A survey of websites and labels of more than 170 bottled waters sold in the U.S. found only three – and only one of the top 10 domestic brands – that give customers information about the water’s source, the method of purification and any chemical pollutants that remained after the water was treated, according to a new report by Environmental Working Group (EWG).
Nestlé’s Pure Life Purified Water discloses its water source and treatment method on the label and offers an 800-number that consumers can call to request a water quality test report. But the nine other top domestic brands – Coca-Cola’s Dasani, Pepsi’s Aquafina, Crystal Geyser, and – strangely – six other of Nestlé’s seven brands – don’t answer at least one of the three key questions:
• Where does the water come from?
• Is it purified? How?
• Have tests found any contaminants?
Since July 2009, when EWG released its groundbreaking Bottled Water Scorecard, documenting the industry’s failure to disclose contaminant scores and other crucial facts about their products, bottled water producers have been under withering fire from consumer and environmental groups. The Government Accountability Office has taken the industry and the federal Food and Drug Administration to task for lax inspection and disclosure practices.
Unlike the federal Environmental Protection Agency (EPA), which has jurisdiction over the nation’s drinking water and requires each water utility to make public the results of yearly water quality tests, bottled water companies are under no such requirement from the Food and Drug Administration (FDA), which regulates the industry.
EWG’s new survey of 173 bottled water brands finds a few improvements – but still too many secrets and too much advertising hype. Overall, 18 percent of bottled waters fail to list the source, and 32 percent disclose nothing about the treatment or purity of the water. Much of the marketing nonsense that drew ridicule last year can still be found on a number of labels.

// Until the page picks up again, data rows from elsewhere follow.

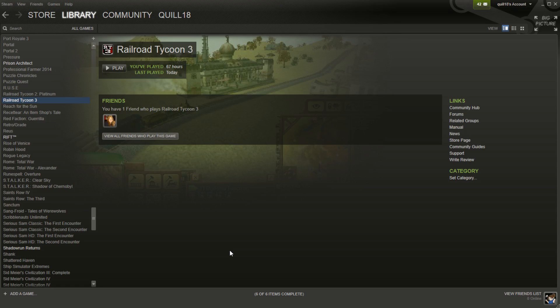Hey folks, Quill18 here with a quick video telling you how you can play Railroad Tycoon 3 on modern computers running Vista, Windows 7, or Windows 8.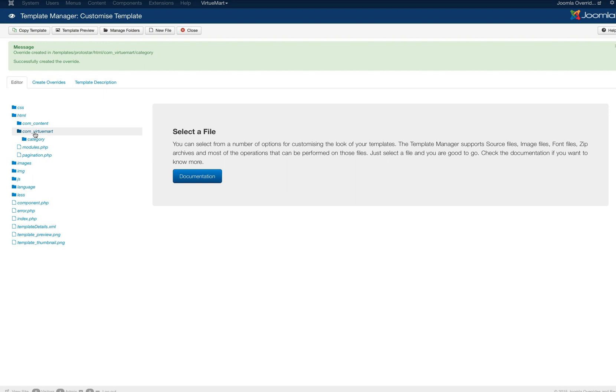So unfortunately we're going to have to do this the old way. So we're going to use an FTP program and we're going to connect to our site.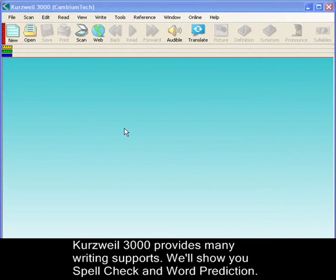Kurzweil 3000 provides many writing supports. In this clip, we'll show you how to use spell check and word prediction.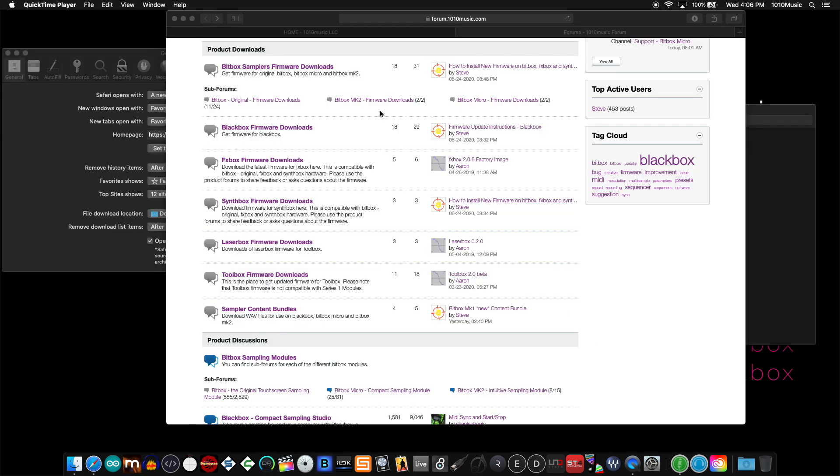Before we continue, I'd like to talk about a common error that we see often. To demonstrate this, I'll use the bitbox mark 2. To update the bitbox mark 2, I would first click on the forum, get into the thread, and you'll see two topics here.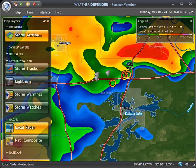So that is the introductory tutorial on tornado tracking in Weather Defender. I hope you found this useful and thanks for watching.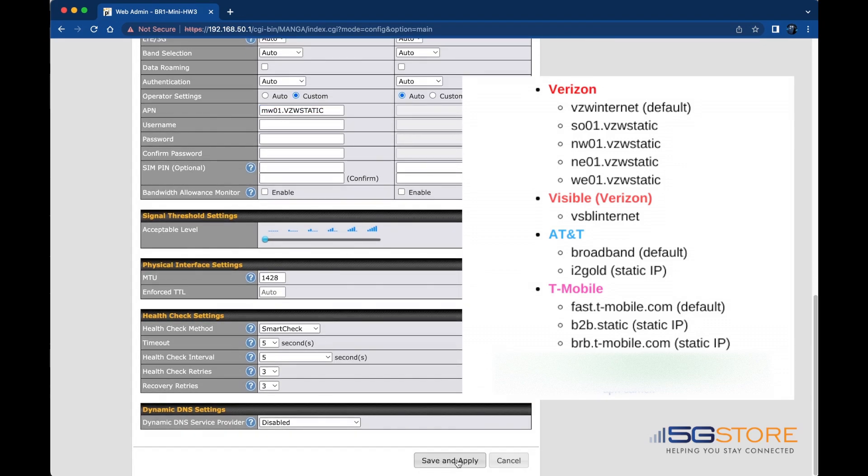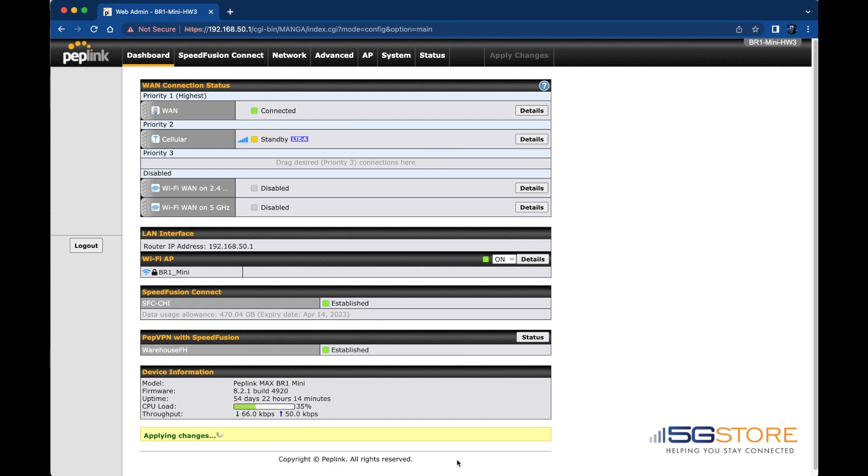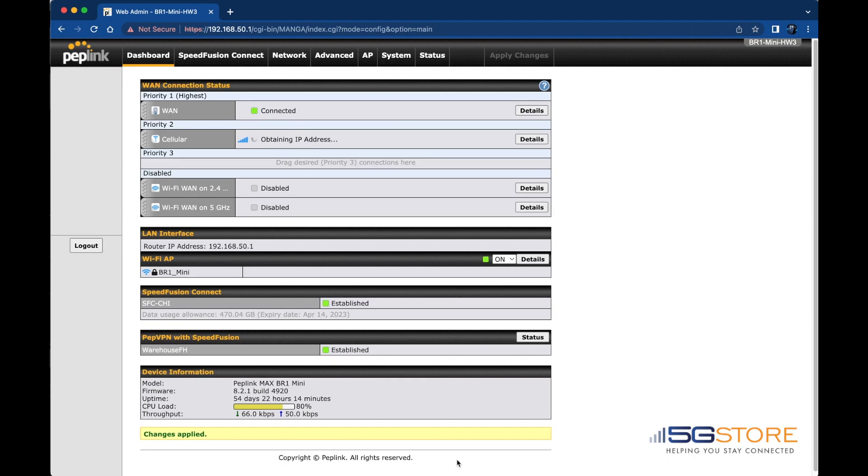Refer back to the Connection Status section here and we'll see our Cellular connection will establish. Since we have the Cellular in Priority 2, it goes into a standby state and is ready to connect should our primary connection fail.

“The industry’s lack of information on source, purity and treatment of bottled water isn’t some coincidence,” said Jane Houlihan, EWG’s senior vice president for research. “Bottled water companies try hard to hide any information consumers may find troubling. They don’t tell where the water comes from and what pollutants they may have found. Their ads depict mountain streams and natural springs. Yet nearly half the time, according to the industry’s own statistics, they’re bottling tap water.”
Municipal tap water is the source for 47.8 percent of bottled water, according to the Beverage Marketing Corporation's annual report for 2009.
Fiji Natural Artesian Water boasts of drawing “rainfall... purified by equatorial winds after traveling thousands of miles across the Pacific Ocean.” H2Om Natural Spring Water promises a mystical “energetic interaction with the element that sustains your life.” And Oregon Rain Natural Virgin Water says its water originates “Over the Pacific Ocean, where fresh, cold air from the North Pole meets warm air from the equator, clouds dripping with naturally clean, pure water are produced. These clouds travel from the ocean, avoiding populated areas and arrive over the Willamette Valley.”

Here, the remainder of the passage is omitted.